After being purchased by the Belgian state in 1893, what was then a complex of ruins was restored. It became an official historic site in 1973. Nowadays, many of the abbey’s original buildings have been restored and conserved and can be visited.
Particularly the enormous church is a highlight, with its impressive arches and pillars a superb example of medieval Cisterian architecture.
Further reading: 15 Essential Activities to Do in Belgium
The 850-year-old collection of ruined buildings in Villers-la-Ville offers a fascinating insight in the life inside a Cisterian abbey in the late Middle Ages and makes for a fantastic day trip from Brussels.
People who are looking for something that’s definitely off the beaten track in Belgium are encouraged to visit this marvelous historic site.
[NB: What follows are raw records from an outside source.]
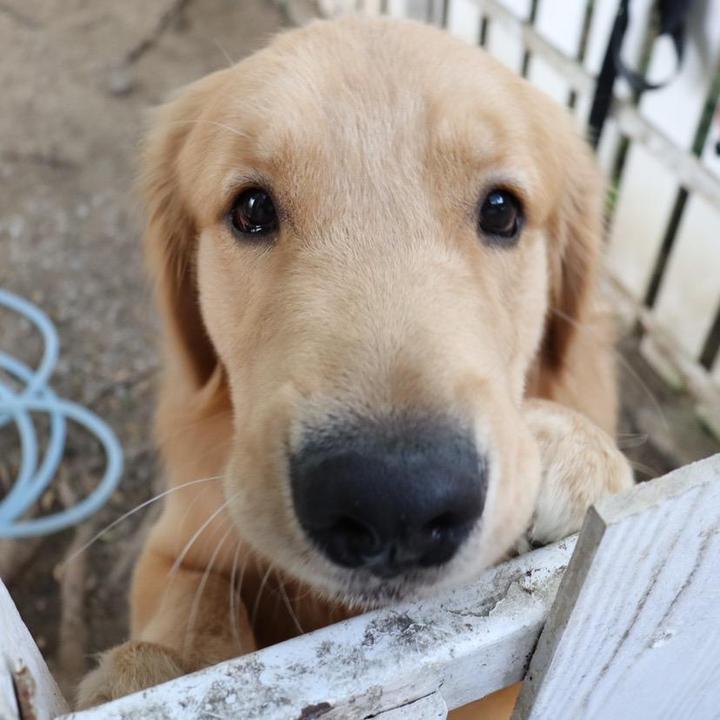 Profile Picture of Dustin swag (@@dustinswag) on Tiktok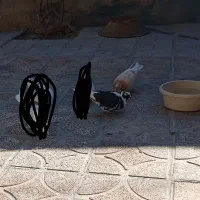 کبوتر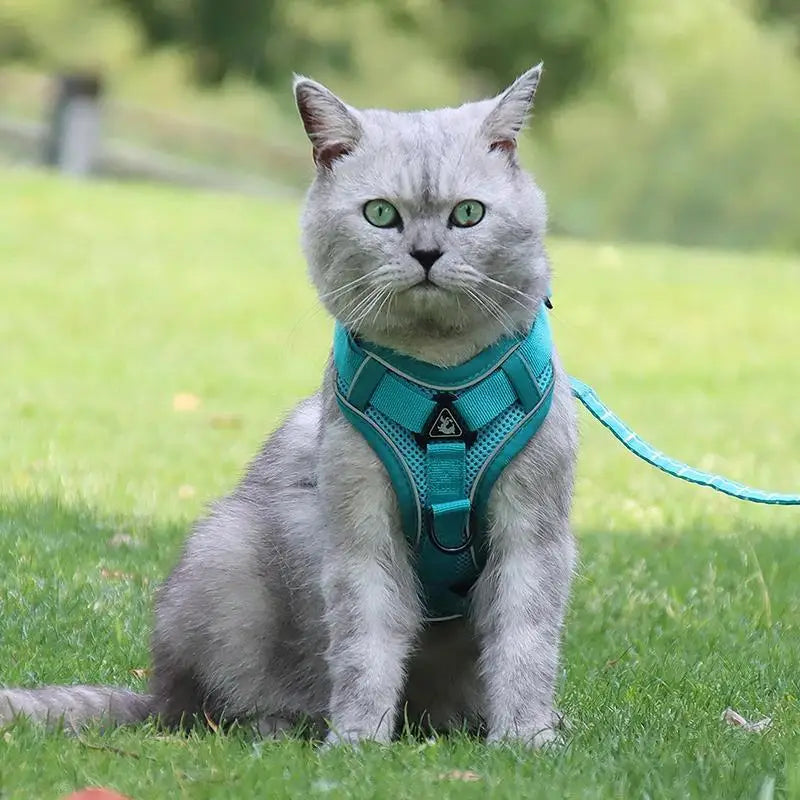 No-Pull Dog Harness & Leash Set – Reflective, Adjustable Vest for Small Dogs & Cats | Quick Release, S–XL (6 Colors)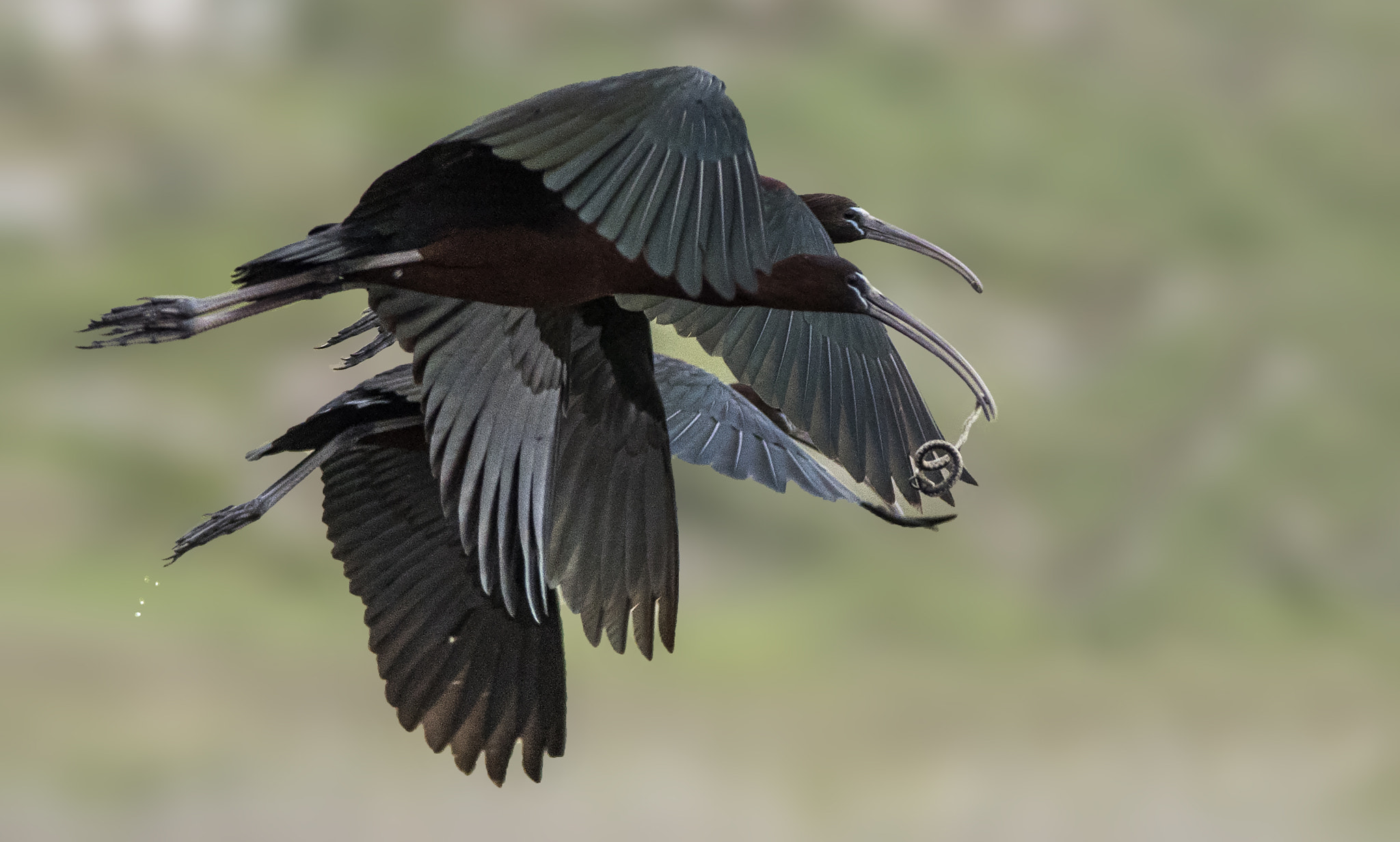 Nikon D810 + Nikon AF-S Nikkor 300mm F4D ED-IF sample photo. Glossy ibis / plegadis falcinellus photography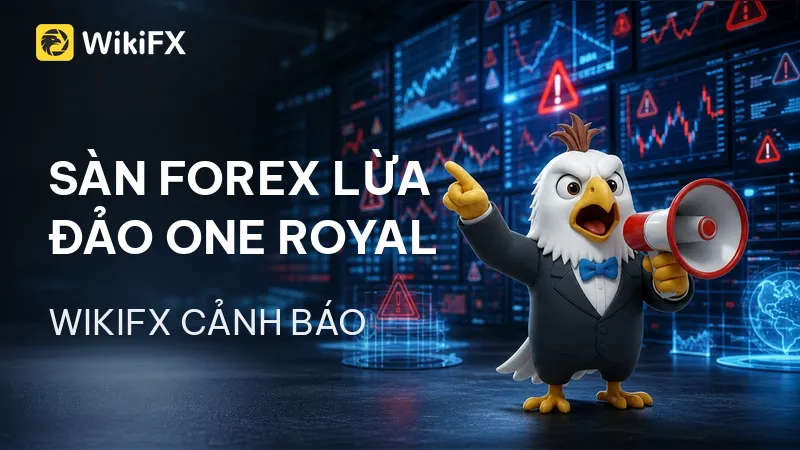 800x450.png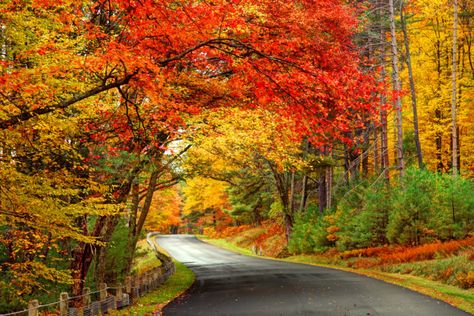 Hop In Your Car And Take The Central Hills Loop For A Wonderful 57-Mile Scenic Drive In Massachusetts Fall Foliage Road Trips, Congaree National Park, Scenic Railroads, Leaf Peeping, New England Fall, Scenic Byway, Appalachian Trail, Fall Travel, Road Trip Fun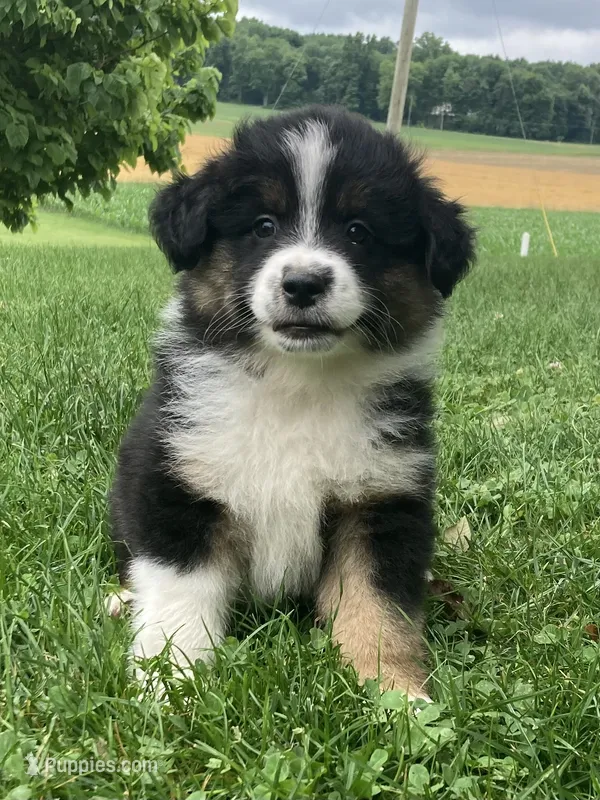 Bear – Australian Shepherd puppy for sale in Orrville, OH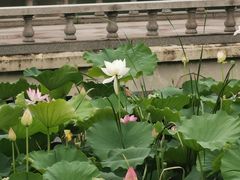 -箸福·夜上海(月牙湖公园店)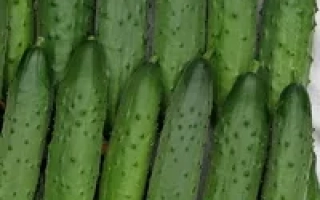 Северное сияние F1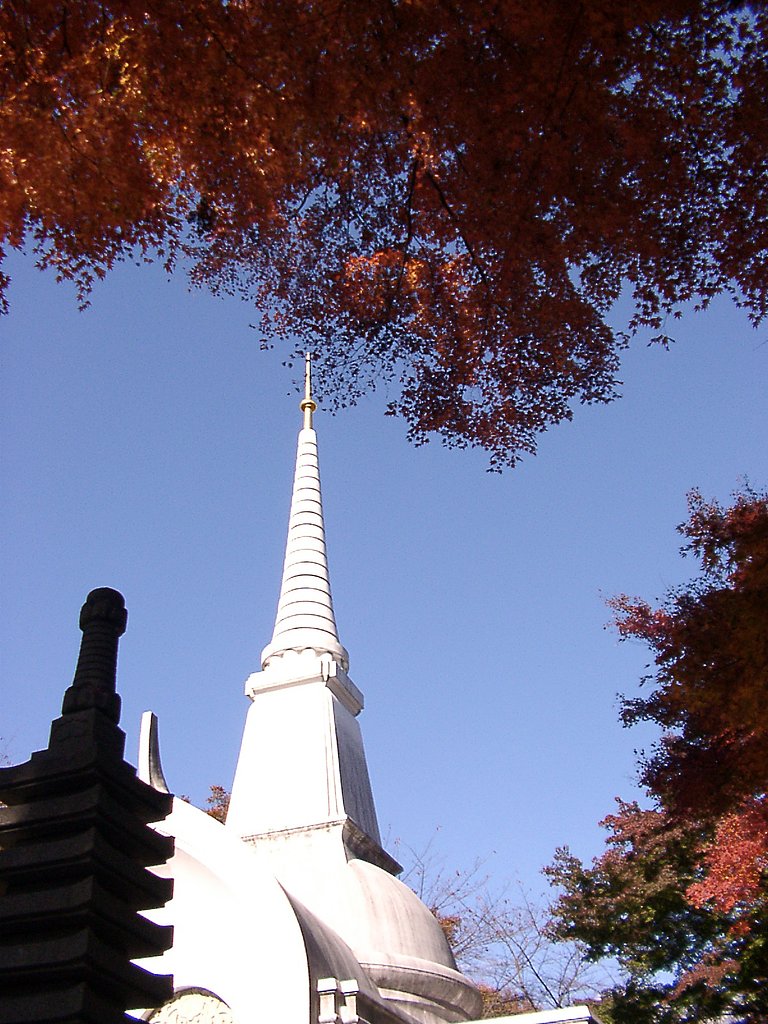 ◆紅葉スケッチ-23 高尾山⑲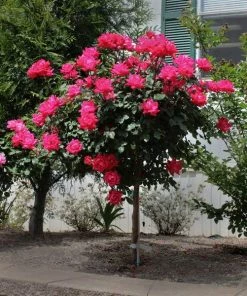 Fast Growing Trees Rose Trees Knock Out® Rose Tree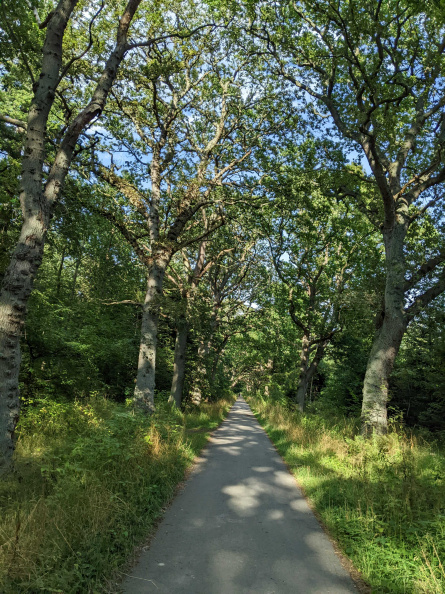 Cycle_Amager1_forest0.jpg
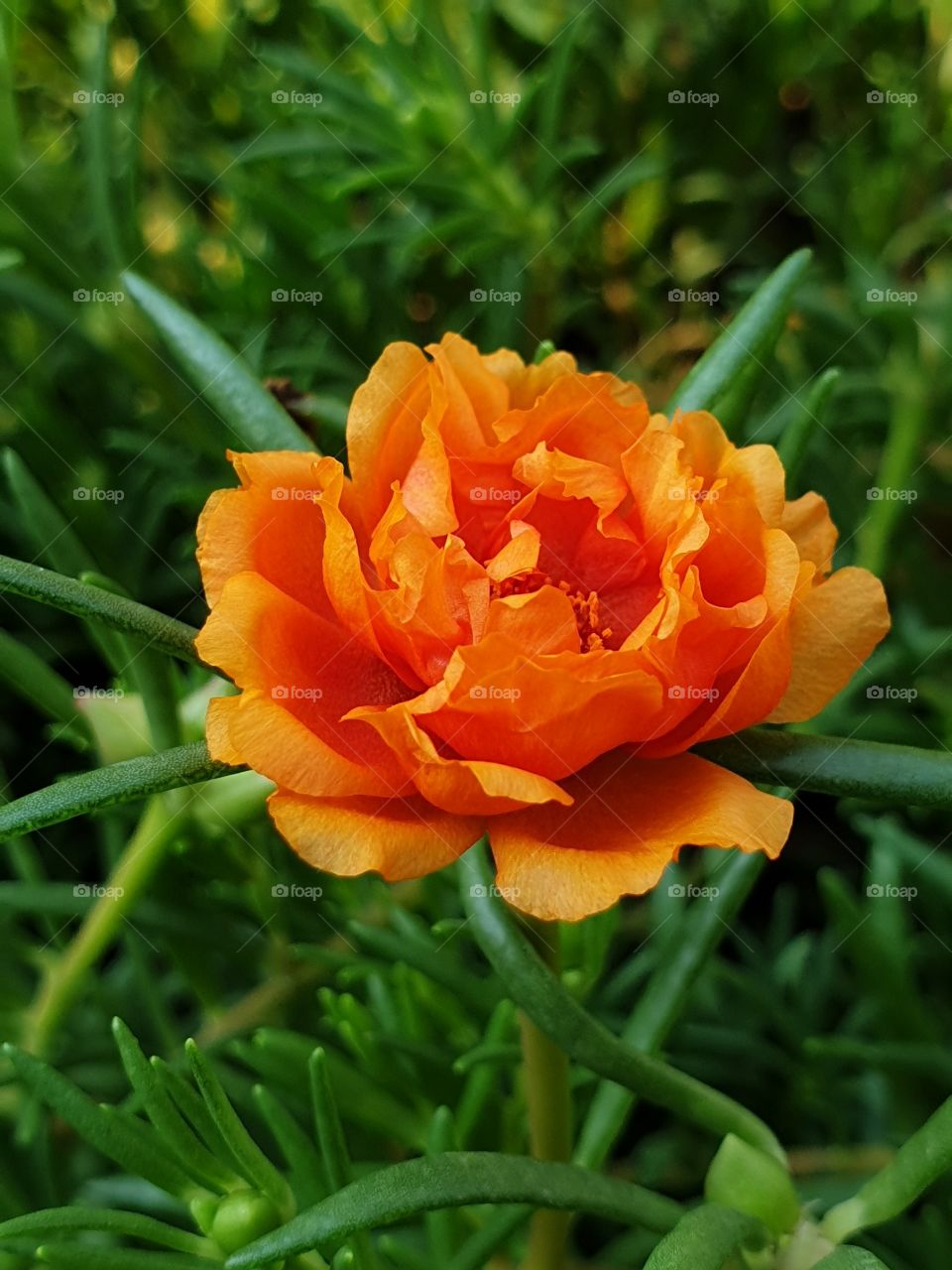 the portulaca grandiflora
Villers-la-Ville Visitor Information
The ruins of Villers Abbey are open to the public all-year round. From November 1 to March 31, they can be visited every day between 10 am and 5 pm, except on Tuesdays. From April 1 to October 31, they are open every single day between 10 am and 6 pm.
Tickets cost 6 euros for adults. Group, children and senior tickets have different (lower) prices. With a ticket, visitors can leave and re-enter as many times as they want.
Generally speaking, a self-guided visit to the abbey ruins of Villers-la-Ville—a map is provided for free—takes about an hour and a half.
People visiting around lunchtime can use the picnic tables that are found onsite, or enjoy lunch and a local Belgian beer at La Cave du Moulin Restaurant located across the street from the entrance, or at Le Chalet de Forêt situated a couple of minutes’ walk up the road.